## TASK TO CARRY OUT
Output only the lines below from the one holding "Fruit & Nut Muesli" down to the one holding "Fanatics Authentic Denver", both end lines included and every picture dropped.

## EXERCISE DATA
━━━━━━━━

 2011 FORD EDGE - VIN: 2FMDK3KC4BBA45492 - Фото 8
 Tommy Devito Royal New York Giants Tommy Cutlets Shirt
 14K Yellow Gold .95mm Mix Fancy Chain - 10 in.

━━━━━━━━

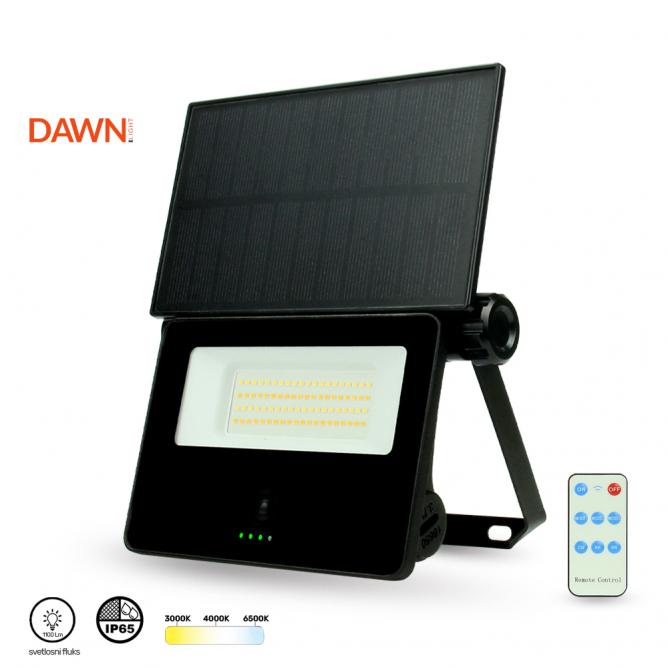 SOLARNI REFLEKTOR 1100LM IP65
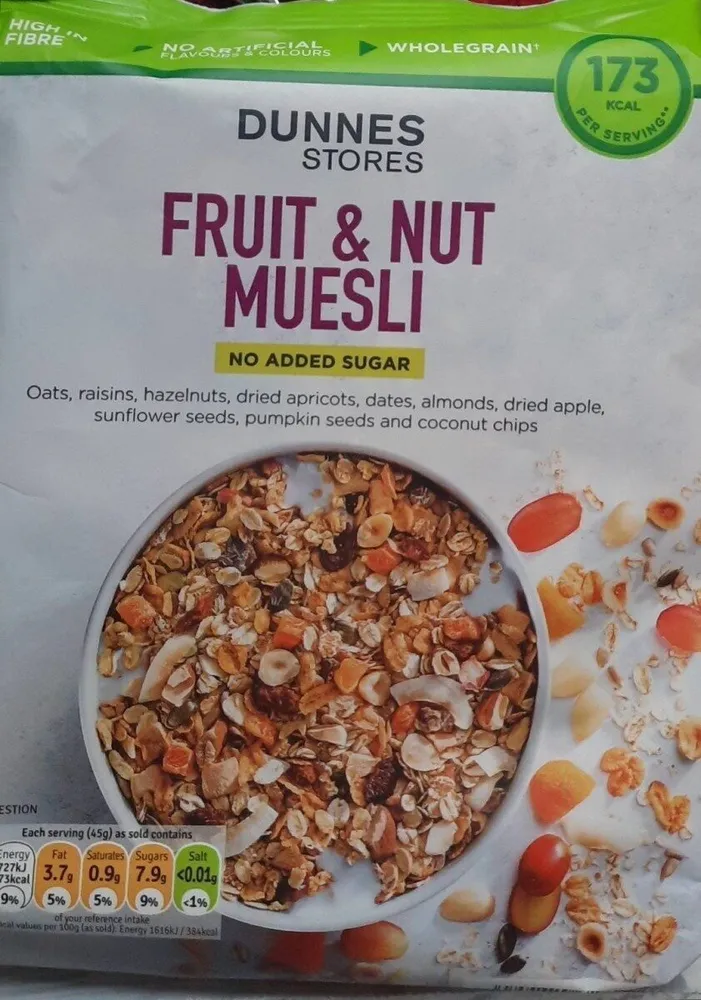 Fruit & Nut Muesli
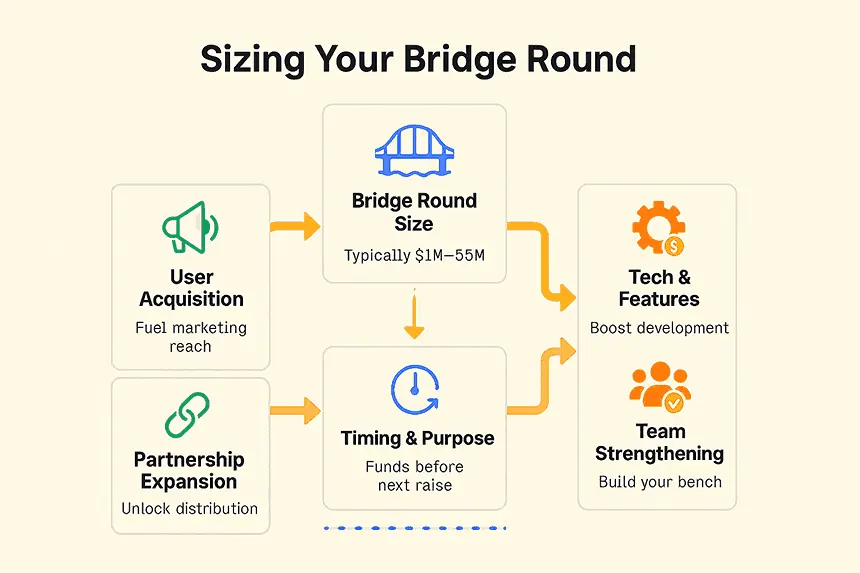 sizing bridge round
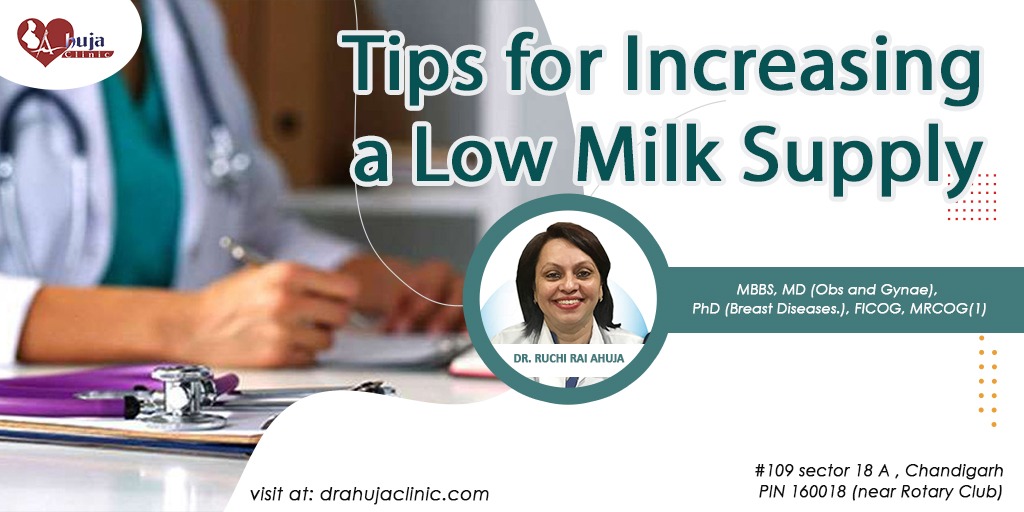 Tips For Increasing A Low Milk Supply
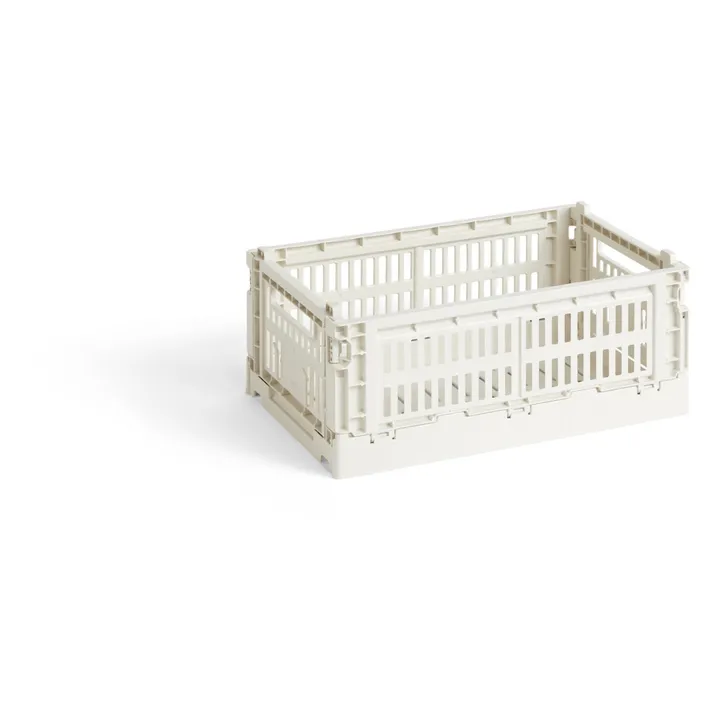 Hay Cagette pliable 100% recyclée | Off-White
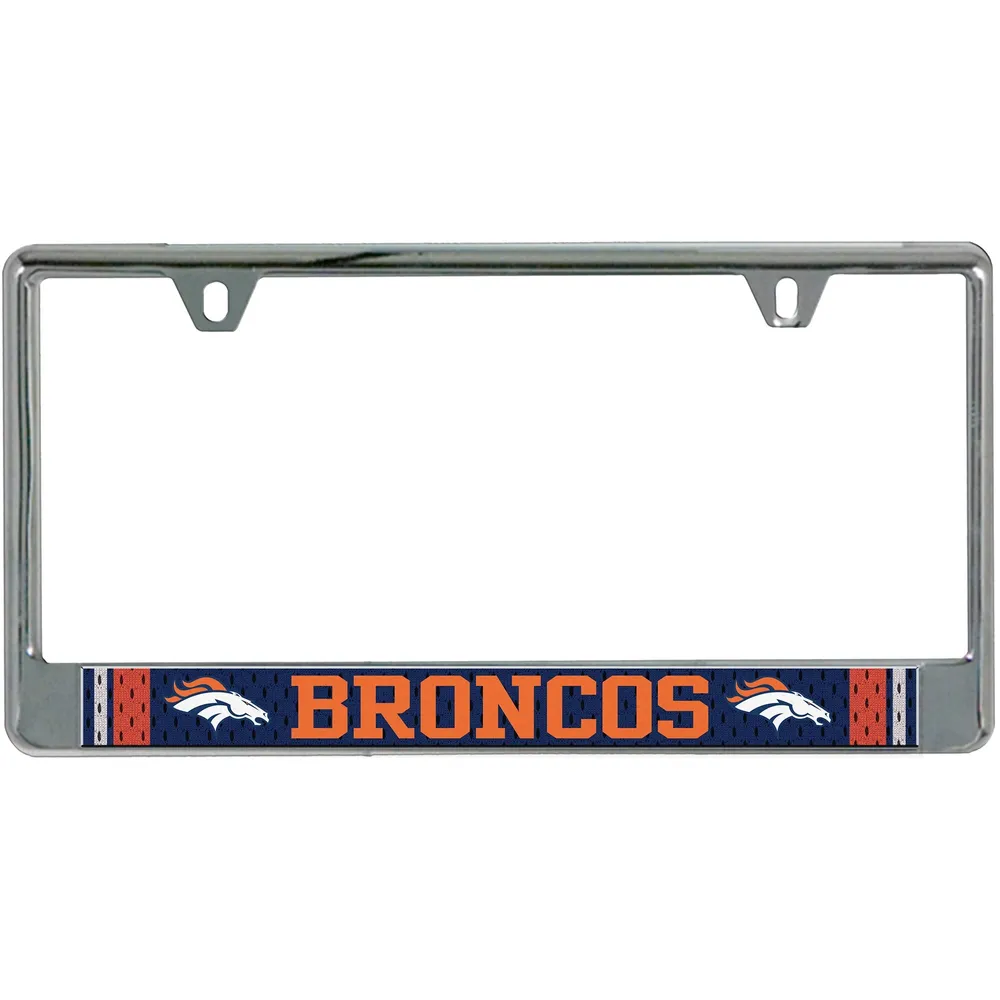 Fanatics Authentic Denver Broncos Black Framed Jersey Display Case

━━━━━━━━

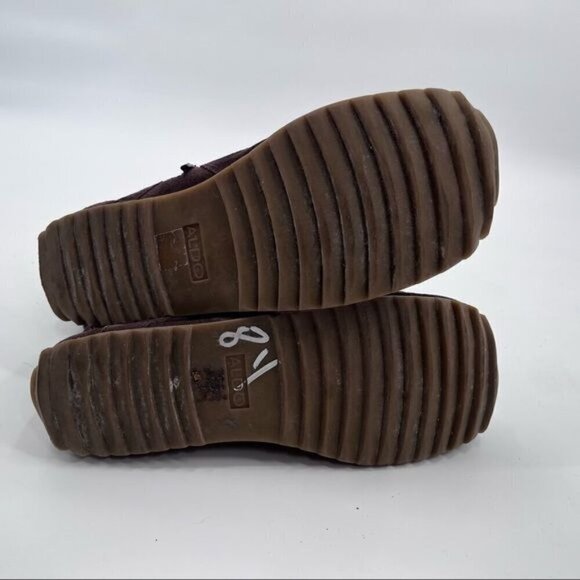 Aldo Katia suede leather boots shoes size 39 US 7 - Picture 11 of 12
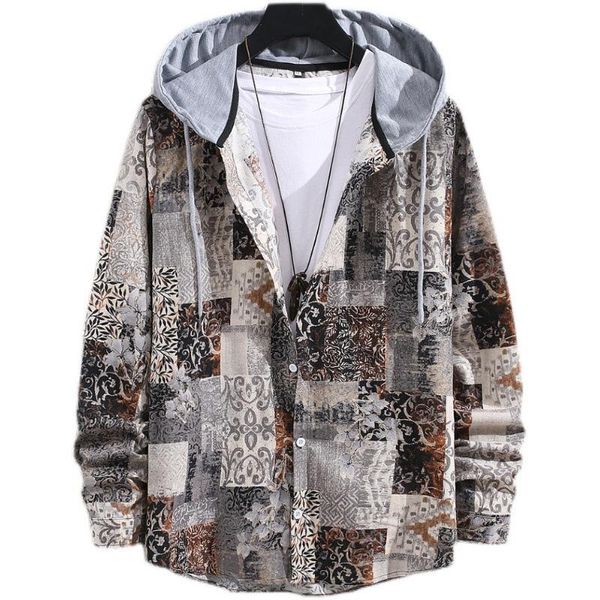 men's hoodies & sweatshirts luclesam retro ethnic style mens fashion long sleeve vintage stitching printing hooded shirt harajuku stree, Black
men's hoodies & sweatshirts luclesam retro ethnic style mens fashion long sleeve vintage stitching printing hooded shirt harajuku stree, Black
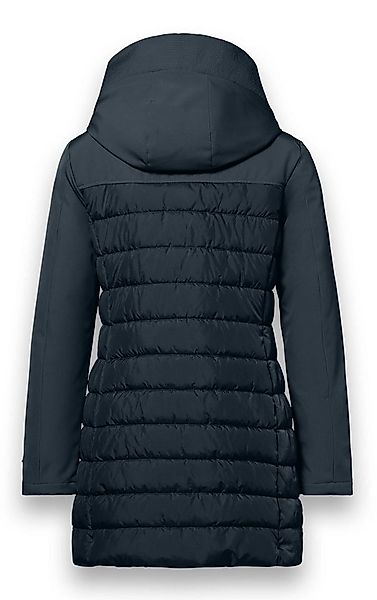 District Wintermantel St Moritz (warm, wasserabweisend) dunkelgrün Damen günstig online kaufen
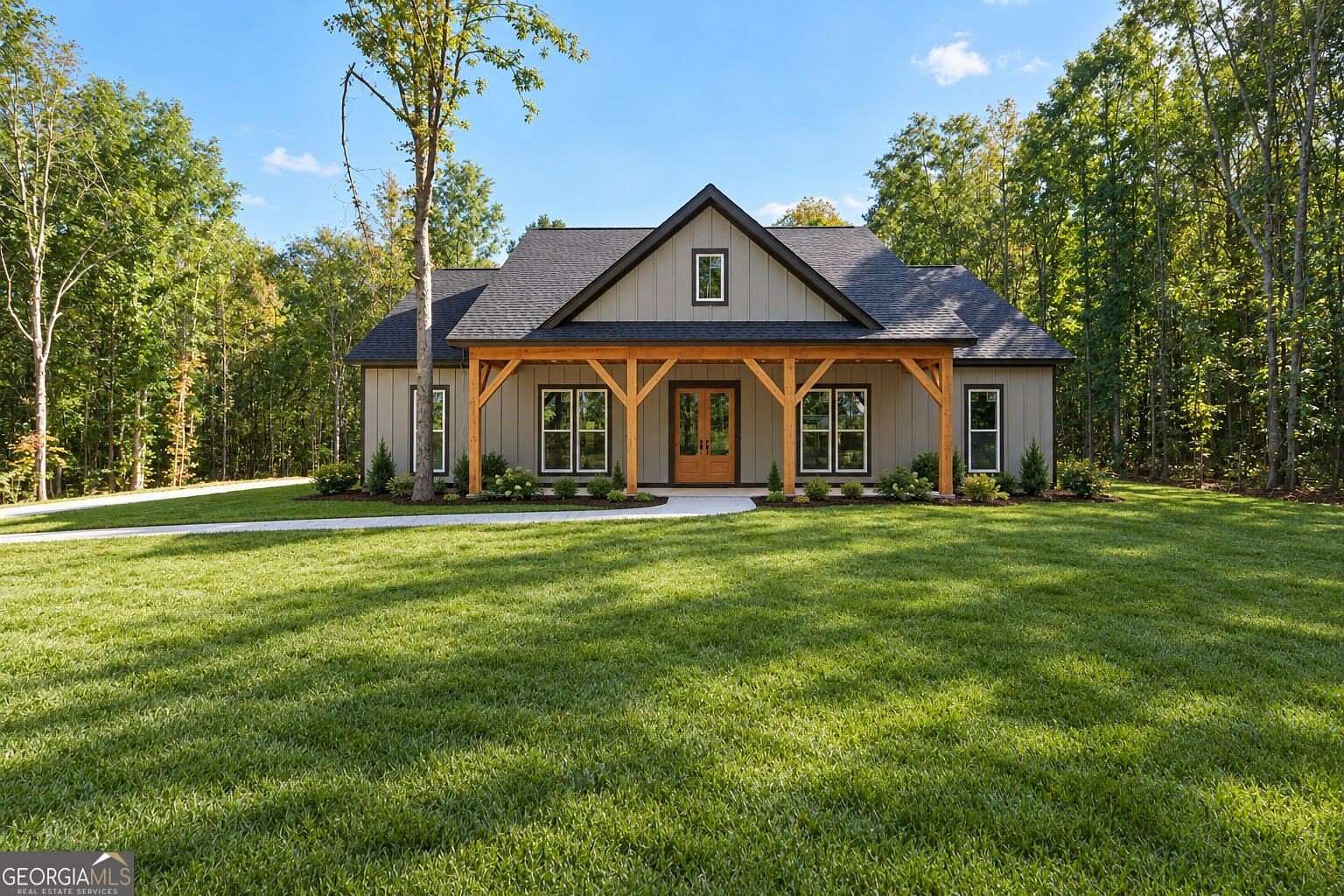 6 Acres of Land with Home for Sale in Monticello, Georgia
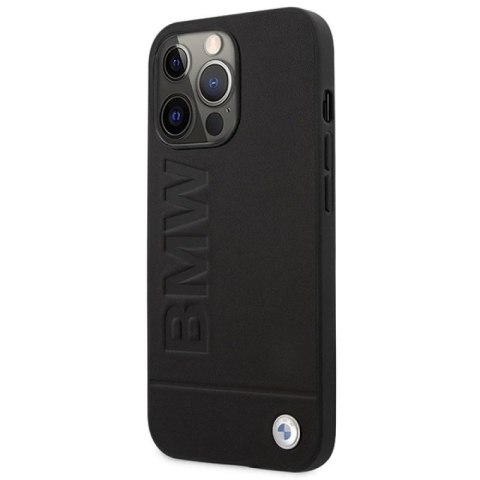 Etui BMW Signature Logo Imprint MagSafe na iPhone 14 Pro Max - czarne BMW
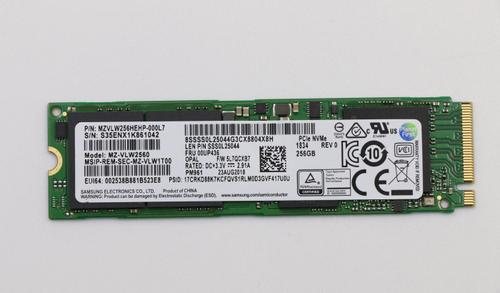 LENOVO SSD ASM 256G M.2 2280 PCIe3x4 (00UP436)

━━━━━━━━

## ANSWER TO THIS PROBLEM
 Fruit & Nut Muesli
 sizing bridge round
 Tips For Increasing A Low Milk Supply
 Hay Cagette pliable 100% recyclée | Off-White
 Fanatics Authentic Denver Broncos Black Framed Jersey Display Case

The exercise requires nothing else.